# Work order
Down to the last line, write out the entries below exactly and omit all pictures.

# Input material
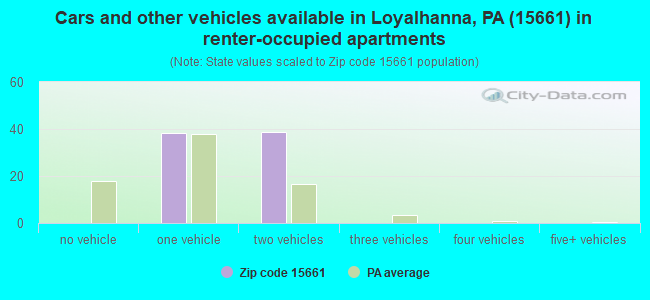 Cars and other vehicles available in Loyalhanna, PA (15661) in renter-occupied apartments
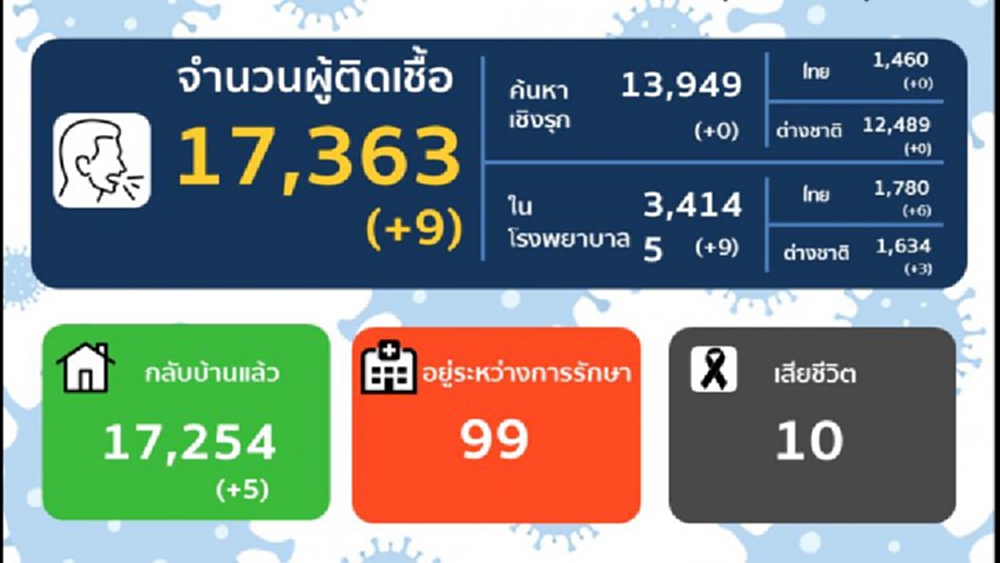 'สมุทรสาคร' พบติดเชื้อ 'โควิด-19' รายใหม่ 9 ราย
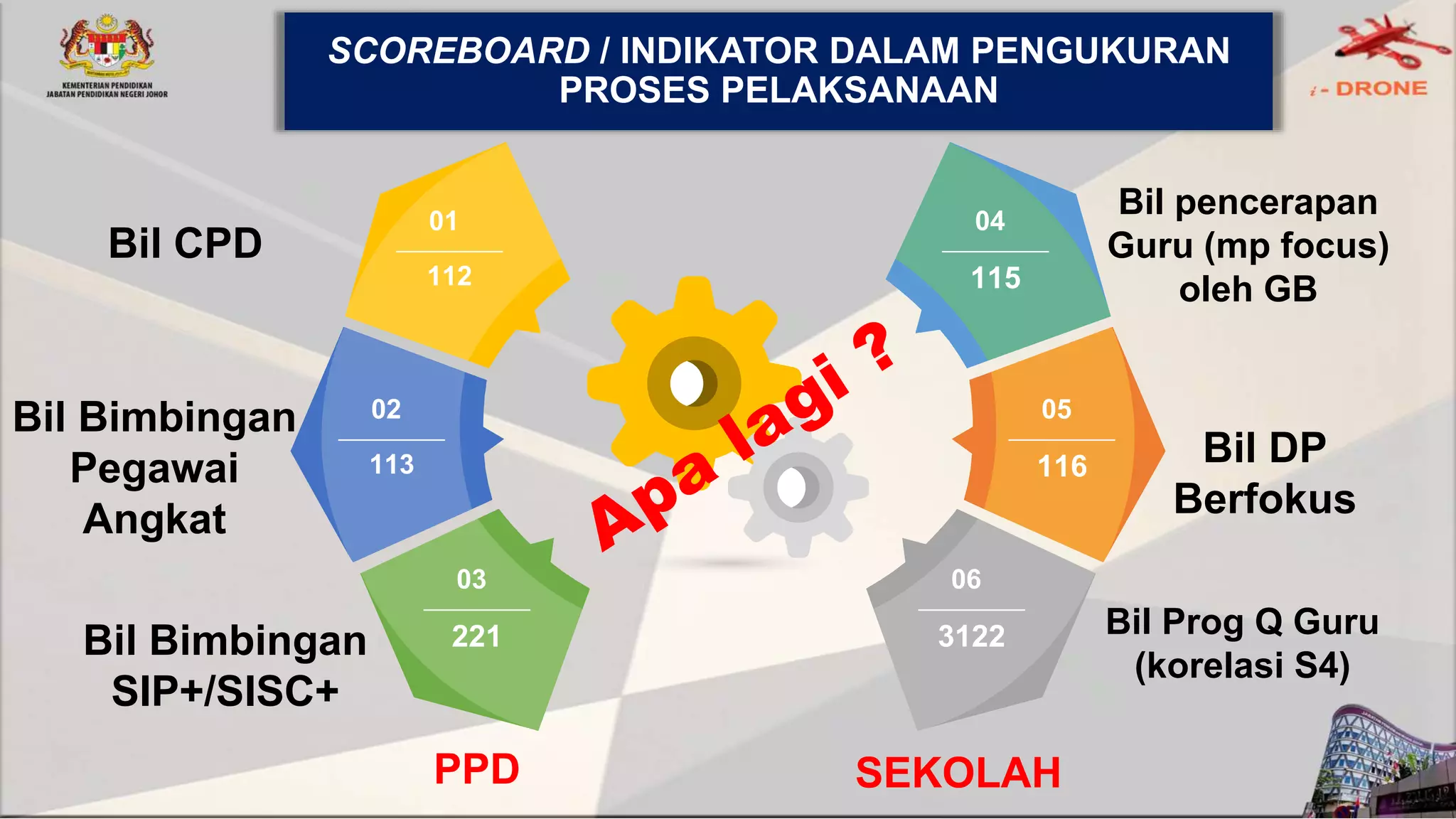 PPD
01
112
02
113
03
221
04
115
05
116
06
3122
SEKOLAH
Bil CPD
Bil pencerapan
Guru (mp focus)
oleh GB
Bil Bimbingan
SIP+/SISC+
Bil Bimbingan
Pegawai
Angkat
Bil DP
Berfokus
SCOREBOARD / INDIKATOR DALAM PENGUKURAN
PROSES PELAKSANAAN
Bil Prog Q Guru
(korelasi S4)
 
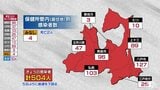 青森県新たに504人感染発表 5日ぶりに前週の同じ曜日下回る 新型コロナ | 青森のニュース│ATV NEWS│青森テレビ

# Exercise result
 Cars and other vehicles available in Loyalhanna, PA (15661) in renter-occupied apartments
 'สมุทรสาคร' พบติดเชื้อ 'โควิด-19' รายใหม่ 9 ราย
 PPD
01
112
02
113
03
221
04
115
05
116
06
3122
SEKOLAH
Bil CPD
Bil pencerapan
Guru (mp focus)
oleh GB
Bil Bimbingan
SIP+/SISC+
Bil Bimbingan
Pegawai
Angkat
Bil DP
Berfokus
SCOREBOARD / INDIKATOR DALAM PENGUKURAN
PROSES PELAKSANAAN
Bil Prog Q Guru
(korelasi S4)
 
 青森県新たに504人感染発表 5日ぶりに前週の同じ曜日下回る 新型コロナ | 青森のニュース│ATV NEWS│青森テレビ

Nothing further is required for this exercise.